Students and faculty alike packed Kane Hall on Tuesday night to listen to Jon Huntsman Jr., former ambassador to China from 2009 to 2011, speak about the past and future relations between the United States and China.
Moderated by Richard Ellings, president of the National Bureau of Asian Research and former assistant director of the UW Jackson School of International Studies, the event featured questions about the possibilities of free-trade agreements with China, the relations between China and other Asian nations, such as Taiwan or Tibet, and more.
Since Huntsman’s childhood introduction to U.S.-China relations in 1971, China has erupted onto the world stage. Even as an “economic storm,” in his words, blew across the world, China had a strong economy and managed to gain the second-largest economy in the world.
Huntsman, Republican primary presidential candidate, said countries must have bureaucracy, public servants, and a population willing to engage on a global level in order to succeed. Huntsman also said the U.S.-China relationship is no longer bilateral, either, but encompasses a global outlook.
When asked about how UW students can participate in fostering Sino-U.S. relations, Huntsman suggested students dedicate part of their studying to learning the language, politics, history, or culture of China to eradicate the barriers, both imagined and real, that exist between our two nations.
“There won’t be a more important relationship for the next generation than [the] U.S.-China relationship,” Huntsman said. “It only makes sense to prepare.”
Rep. Hans Zeiger (25th District) also attended the talk. He said he believed it was important for U.S. politicians, particularly in the Pacific Rim, to engage in conversation. He spoke about plans to visit China to gain better understanding of its cultural and political system.

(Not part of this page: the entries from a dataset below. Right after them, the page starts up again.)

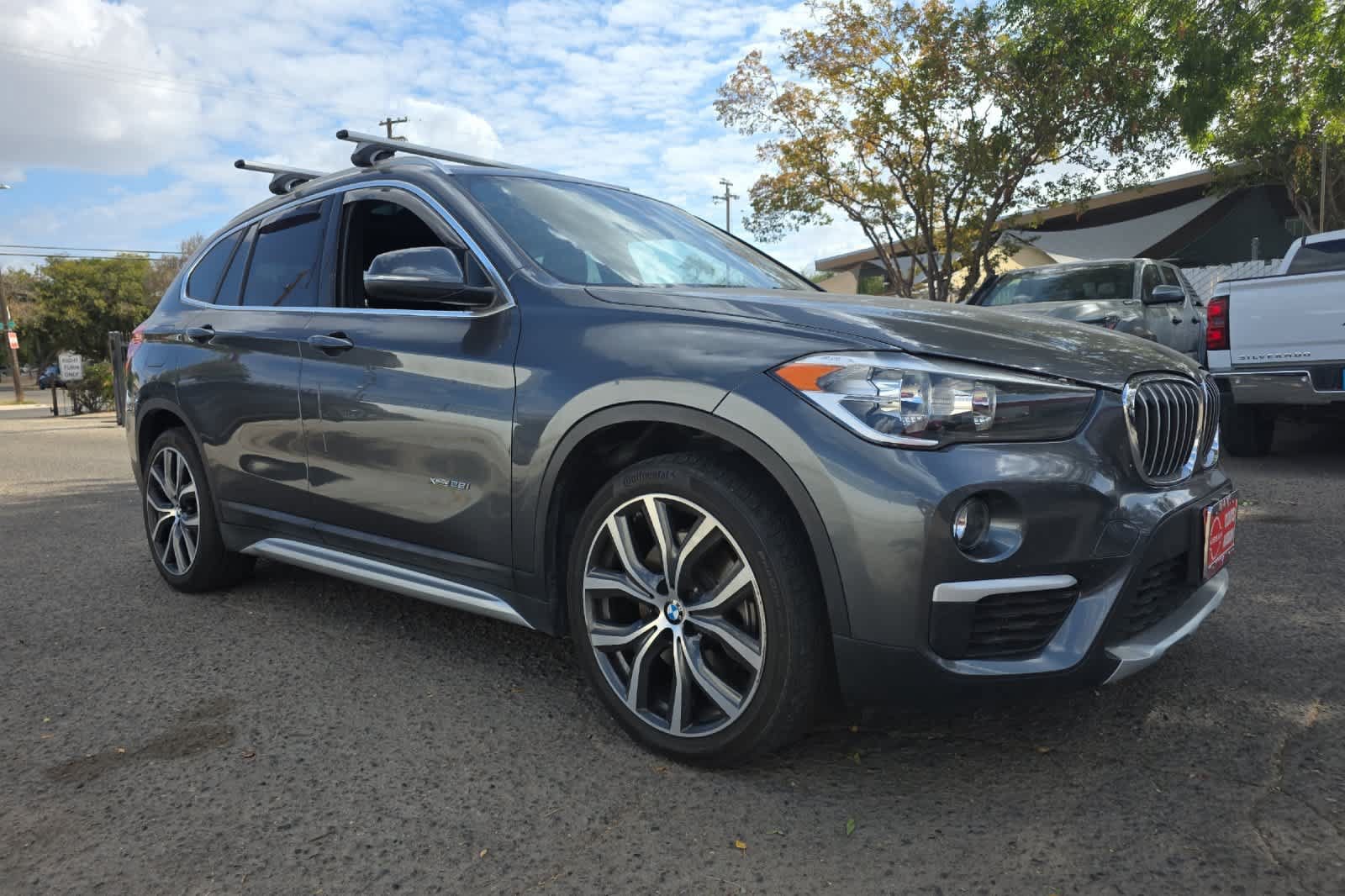 Used 2017 BMW X1 xDrive28i AWD/4WD image 10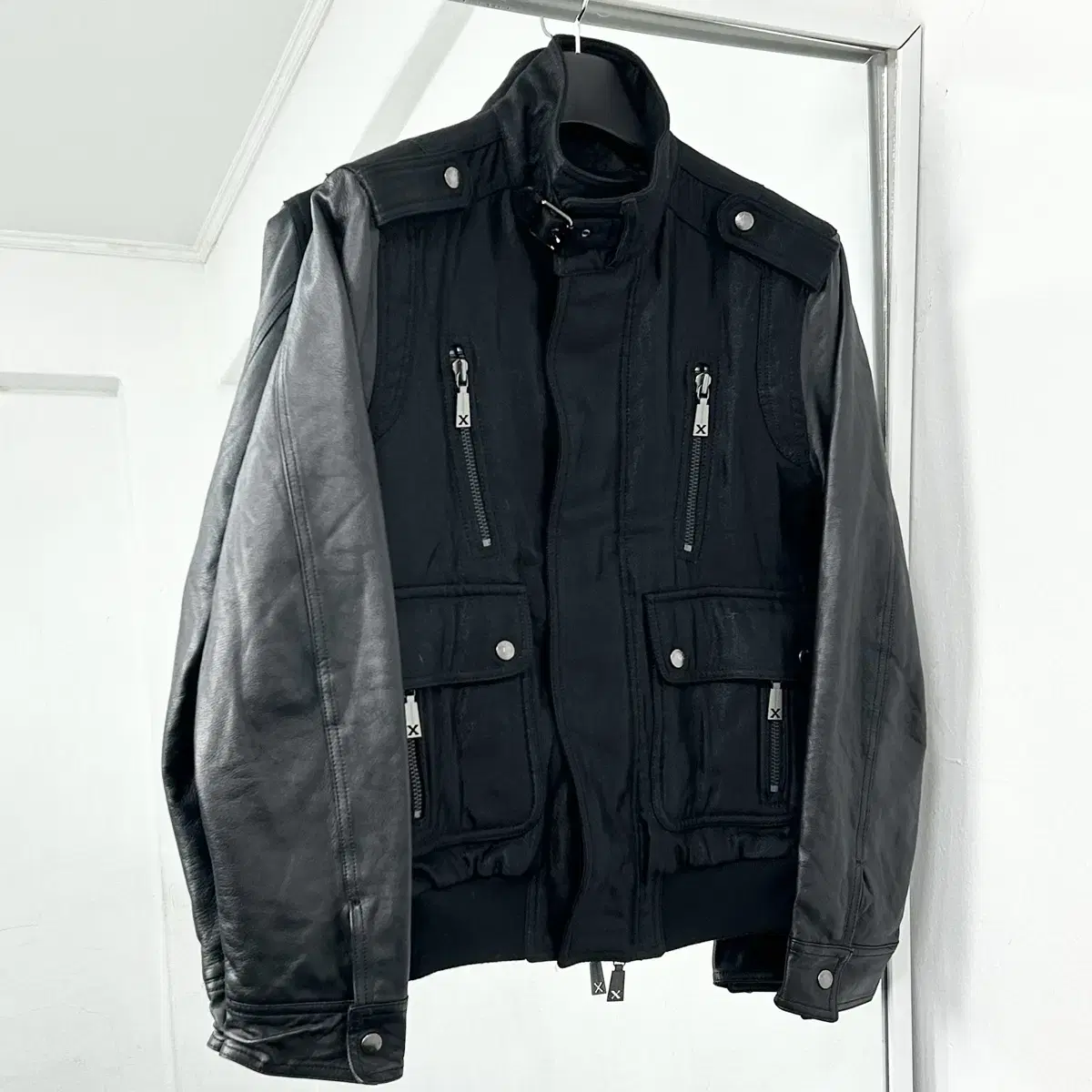 Richmond Two-Way High-Neck Leather Arm Jacket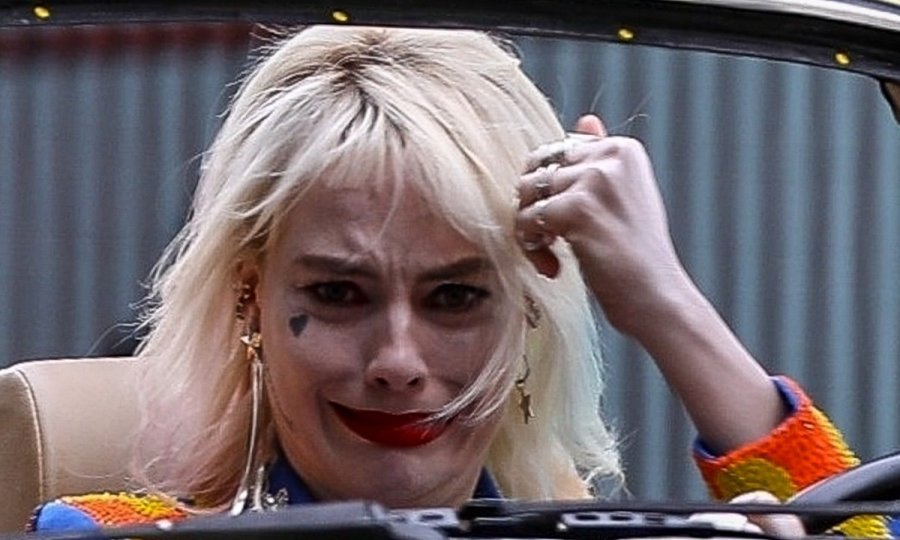 Birds of Prey: And the Fantabulous Emancipation of One Harley Quinn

Hunstman said one of the problems facing the United States doesn’t come from the global community but from the division within the country.
“It’s destroying who we are as a people,” Huntsman said.
Audience member Jane Davies, education manager of Early Head Start — an early-childhood learning center in Seattle — said she was honored to be at the UW listening to Huntsman.
“I used to do this as a kid in Los Angeles — you walk across the street and shake the hands of your neighbors that are from a different background, different religion, different political persuasion, and have conversations that are diverse in nature,” Huntsman said. “We don’t do enough of that. That concerns me; that concerns me greatly.”